>>>

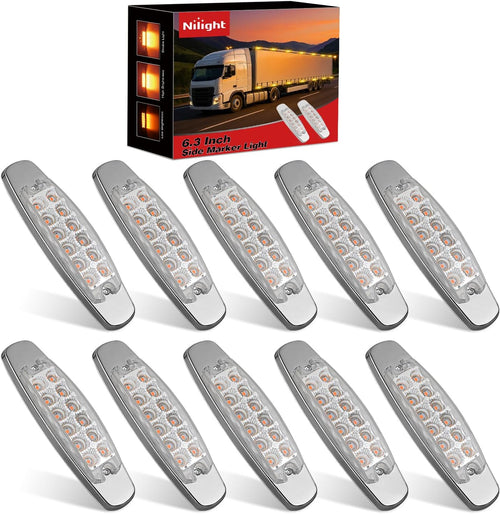 Nilight 6.3 Inch Amber Rectangle Side Marker Light, White Lens, High Low Strobe | 12 LED IP67 Waterproof Chrome Bezel 12V Surface Mount Marker & Clearance Light Fits Pickup Trucks Trailers RVs Boats,10 Pack
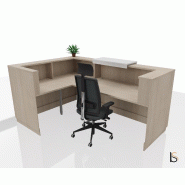 Banque d'accueil d'angle Delta Plus avec réhausse - Mobel Linea - 224, Blanc mat, Droite, Acacia clair, Oui_1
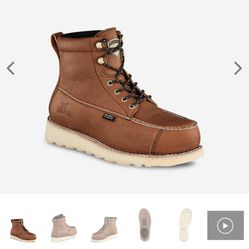 SIZE 7.5 IRISH SETTER BY RED WING WATERPROOF LEATHER SAFETY TOE BOOTS BRAND NEW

<<<

# Exercise directions:
Pictures are to be omitted; otherwise, write out the data exactly as it appears.

# Answer section:
 Nilight 6.3 Inch Amber Rectangle Side Marker Light, White Lens, High Low Strobe | 12 LED IP67 Waterproof Chrome Bezel 12V Surface Mount Marker & Clearance Light Fits Pickup Trucks Trailers RVs Boats,10 Pack
 Banque d'accueil d'angle Delta Plus avec réhausse - Mobel Linea - 224, Blanc mat, Droite, Acacia clair, Oui_1
 SIZE 7.5 IRISH SETTER BY RED WING WATERPROOF LEATHER SAFETY TOE BOOTS BRAND NEW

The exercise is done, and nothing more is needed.